Flow chart of lung transplant recipients (LTR) recruitment and antibody response to COVID-19 mRNA-based vaccination. The study was conducted on 136 LTR, including 10 and 126 patients with and without history of COVID-19 before vaccination, respectively. Sera sampled after each vaccine dose in COVID-19-naive patients were analyzed to assess the anti–receptor-binding domain (RBD) IgG response, with seropositive patents defined as responders.

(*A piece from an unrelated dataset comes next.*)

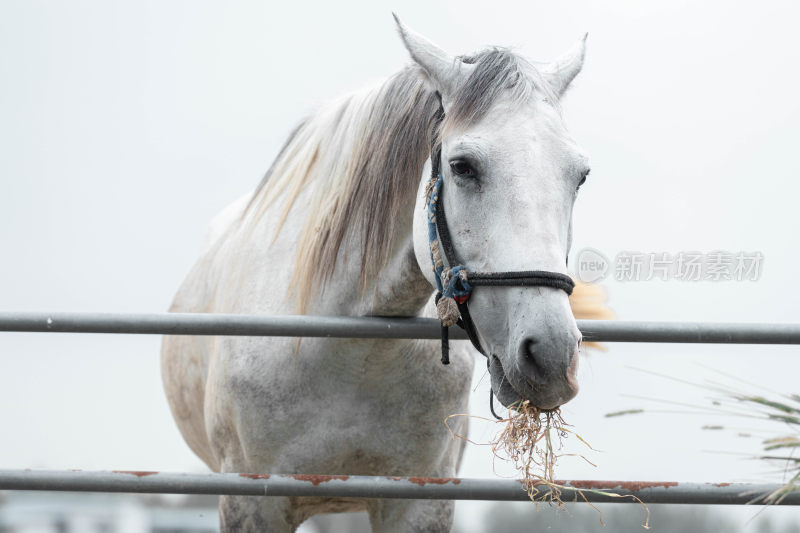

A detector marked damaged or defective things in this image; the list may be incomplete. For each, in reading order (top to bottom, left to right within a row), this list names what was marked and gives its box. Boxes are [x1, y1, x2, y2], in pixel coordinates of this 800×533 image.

rusty metal rail [1, 312, 800, 344]
rusty metal rail [1, 470, 800, 502]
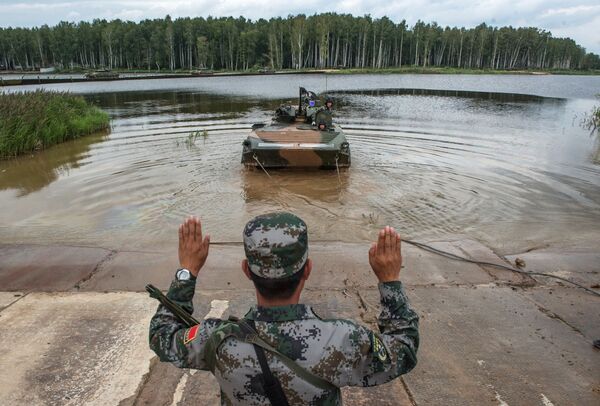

Antibody response to the three-dose vaccine regimen in LTR with prior COVID-19
The 10 LTR with a history of COVID-19 before vaccination (proven by positive serology for anti-RBD IgG: n = 10/10 or by RT-PCR: 3/10) had asymptomatic (n = 5/10), mild (4) or severe (1) disease. All were seropositive before vaccination with anti-RBD IgG titers ranging from 10.5 to 554.8 BAU/mL (median: 68.2, IQR: 50.4-90.3). Unexpectedly, in one patient, anti-RBD IgG titer decreased from 13.3 to 7.6 BAU/mL despite 3-dose vaccination, whereas an antibody rebound was observed in the nine other patients (median increase: 2,633.1 BAU/mL, IQR: 742.8-4,658.7) (Figure 2 A). Among them, 8/10 patients harbored antibodies over 264 BAU/mL, which is the threshold now considered in France as a decision-making tool for the choice between prophylaxis with a fourth vaccine dose or with monoclonal antibodies therapy.21 , 22 Sera from these eight patients neutralized the D614G pseudovirus (log ED50: 2.07-3.76, median 3.02), seven of them also neutralizing the delta (log ED50: 2.17-3.23, median 2.55) and the omicron (log ED50: 1.69-3.06, median 2.06) variants (Figure 2B, Figure S1). Seven patients were followed up to seven months after the third dose without intercurrent antigenic stimulation or monoclonal antibody therapy, and all of them maintained anti-RBD IgG titers over 264 BAU/mL (Figure 2C).
Figure 2.
Antibody response after three vaccine doses in lung transplant recipients with history of COVID-19 (n = 10). (A) Anti-RBD IgG titers expressed in BAU/mL before vaccination and from two weeks to two months after the third dose. (B) Neutralizing antibody titers assessed by pseudovirus-based assay against D614G, delta and omicron variants. The dotted horizontal black line indicates the cutoff for positivity (1:40 dilution). (C) Dynamics of anti-RBD IgG titers expressed in BAU/mL over time after the third vaccine dose (n = 11 additional samples collected from 9 patients during follow-up). (A and C) The dotted lines indicate the positivity threshold (7.1 BAU/mL) and the threshold of 264 BAU/mL used in French recommendations to guide prophylactic strategy in immunosuppressed patients. BAU, Binding Antibody Units; ED50, half-maximal effective dilution; RBD, receptor-binding domain.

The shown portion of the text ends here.